Wenn man keine Probefahrt machen kann, muss man nun doch jedenfalls unters Auto, um das Getriebe anzusehen. Dieses wurde aus Komfortgründen sehr oft gegen das teilsynchrone getauscht. Bis Juli 1957 ist das sehr einfach festzustellen: Das Unsynchron-Gehäuse ist außen komplett glatt und hat keine Verstärkungsrippen wie das des Export. Ab August 1957 ist auch das unsynchrone verrippt, es fehlen allerdings fahrerseitig die beiden Verschlussschrauben im vorderen Drittel.

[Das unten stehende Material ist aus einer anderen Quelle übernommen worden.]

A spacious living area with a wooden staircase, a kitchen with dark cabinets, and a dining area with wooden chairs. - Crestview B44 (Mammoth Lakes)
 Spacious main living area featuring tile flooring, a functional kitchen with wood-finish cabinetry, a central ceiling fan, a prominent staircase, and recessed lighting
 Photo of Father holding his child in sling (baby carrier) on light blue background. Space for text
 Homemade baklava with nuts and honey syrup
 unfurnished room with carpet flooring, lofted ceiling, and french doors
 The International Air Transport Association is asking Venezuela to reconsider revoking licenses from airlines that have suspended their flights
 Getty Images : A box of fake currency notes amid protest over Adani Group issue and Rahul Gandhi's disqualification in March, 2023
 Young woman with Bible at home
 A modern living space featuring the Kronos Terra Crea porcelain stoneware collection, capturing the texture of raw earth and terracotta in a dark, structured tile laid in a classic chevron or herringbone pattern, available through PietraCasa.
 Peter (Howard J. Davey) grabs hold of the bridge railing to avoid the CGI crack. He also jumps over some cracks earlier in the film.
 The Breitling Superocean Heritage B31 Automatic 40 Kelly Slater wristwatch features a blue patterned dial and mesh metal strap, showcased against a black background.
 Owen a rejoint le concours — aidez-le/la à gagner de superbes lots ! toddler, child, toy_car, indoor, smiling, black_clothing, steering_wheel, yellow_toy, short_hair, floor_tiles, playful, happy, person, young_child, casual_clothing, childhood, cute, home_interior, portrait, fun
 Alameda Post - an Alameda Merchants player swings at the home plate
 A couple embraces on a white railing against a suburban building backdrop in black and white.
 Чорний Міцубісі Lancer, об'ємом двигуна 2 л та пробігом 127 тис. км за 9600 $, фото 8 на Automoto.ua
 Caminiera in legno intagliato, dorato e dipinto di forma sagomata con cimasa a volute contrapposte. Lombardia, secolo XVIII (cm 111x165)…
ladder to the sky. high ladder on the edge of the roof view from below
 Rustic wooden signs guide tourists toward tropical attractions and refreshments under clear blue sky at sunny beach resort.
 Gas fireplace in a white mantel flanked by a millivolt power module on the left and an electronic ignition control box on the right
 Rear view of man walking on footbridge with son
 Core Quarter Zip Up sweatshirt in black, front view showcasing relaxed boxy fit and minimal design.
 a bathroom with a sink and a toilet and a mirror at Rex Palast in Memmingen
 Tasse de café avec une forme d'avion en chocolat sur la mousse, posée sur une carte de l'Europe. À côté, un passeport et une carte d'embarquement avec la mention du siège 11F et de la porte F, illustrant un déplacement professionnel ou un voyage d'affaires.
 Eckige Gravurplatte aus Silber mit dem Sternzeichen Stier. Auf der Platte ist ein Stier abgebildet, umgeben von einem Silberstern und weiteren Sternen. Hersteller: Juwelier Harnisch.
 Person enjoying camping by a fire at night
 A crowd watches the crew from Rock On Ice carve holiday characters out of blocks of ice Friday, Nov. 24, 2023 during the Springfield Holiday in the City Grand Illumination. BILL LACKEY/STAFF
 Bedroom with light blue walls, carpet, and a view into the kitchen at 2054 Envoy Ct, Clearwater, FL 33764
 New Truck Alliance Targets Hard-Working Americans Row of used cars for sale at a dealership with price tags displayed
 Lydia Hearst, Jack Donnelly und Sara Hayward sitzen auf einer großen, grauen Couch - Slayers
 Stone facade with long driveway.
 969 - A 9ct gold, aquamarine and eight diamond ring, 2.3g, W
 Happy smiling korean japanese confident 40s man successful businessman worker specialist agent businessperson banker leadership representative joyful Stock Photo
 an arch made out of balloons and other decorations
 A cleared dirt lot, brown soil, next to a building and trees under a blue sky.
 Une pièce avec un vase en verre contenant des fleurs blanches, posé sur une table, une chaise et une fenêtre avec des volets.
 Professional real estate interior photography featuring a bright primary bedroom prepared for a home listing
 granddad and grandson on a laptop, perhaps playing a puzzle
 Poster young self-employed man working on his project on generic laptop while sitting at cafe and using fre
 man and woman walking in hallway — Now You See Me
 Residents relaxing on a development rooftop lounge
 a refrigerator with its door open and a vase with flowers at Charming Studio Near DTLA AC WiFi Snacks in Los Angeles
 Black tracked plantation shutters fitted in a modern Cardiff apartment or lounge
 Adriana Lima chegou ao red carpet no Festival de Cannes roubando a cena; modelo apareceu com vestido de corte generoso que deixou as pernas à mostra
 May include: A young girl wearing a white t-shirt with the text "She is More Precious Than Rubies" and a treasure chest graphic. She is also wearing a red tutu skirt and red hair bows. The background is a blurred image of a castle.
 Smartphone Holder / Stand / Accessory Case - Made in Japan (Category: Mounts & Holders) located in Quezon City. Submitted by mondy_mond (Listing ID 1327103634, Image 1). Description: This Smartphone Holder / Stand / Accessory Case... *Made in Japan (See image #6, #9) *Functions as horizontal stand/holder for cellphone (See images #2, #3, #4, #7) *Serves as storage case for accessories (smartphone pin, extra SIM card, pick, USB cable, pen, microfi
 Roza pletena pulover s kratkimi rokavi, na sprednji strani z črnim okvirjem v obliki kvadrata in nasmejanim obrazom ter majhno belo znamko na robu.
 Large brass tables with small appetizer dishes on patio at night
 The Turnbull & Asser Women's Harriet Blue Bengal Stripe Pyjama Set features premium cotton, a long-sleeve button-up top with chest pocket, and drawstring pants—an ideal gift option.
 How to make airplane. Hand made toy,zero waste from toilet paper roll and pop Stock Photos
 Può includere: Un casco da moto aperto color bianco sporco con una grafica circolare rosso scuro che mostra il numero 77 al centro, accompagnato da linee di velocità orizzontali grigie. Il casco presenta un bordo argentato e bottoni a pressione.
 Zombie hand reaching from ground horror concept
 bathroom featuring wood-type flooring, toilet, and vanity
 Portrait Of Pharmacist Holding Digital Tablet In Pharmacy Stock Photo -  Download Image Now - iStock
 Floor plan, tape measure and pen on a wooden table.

Hat man tatsächlich einen Standard gefunden, nun noch ein Verhandlungstipp: Alles, was an spezifischen Standardteilen fehlt, wird Zeit und Geld kosten, das betrifft vor allem die Innenausstattung und die Bremse (!). Aber am Ende eine gute Nachricht: Zumindest die vier Seilzüge sind als gute Repros erhältlich, Trommeln und Beläge identisch mit denen des Export.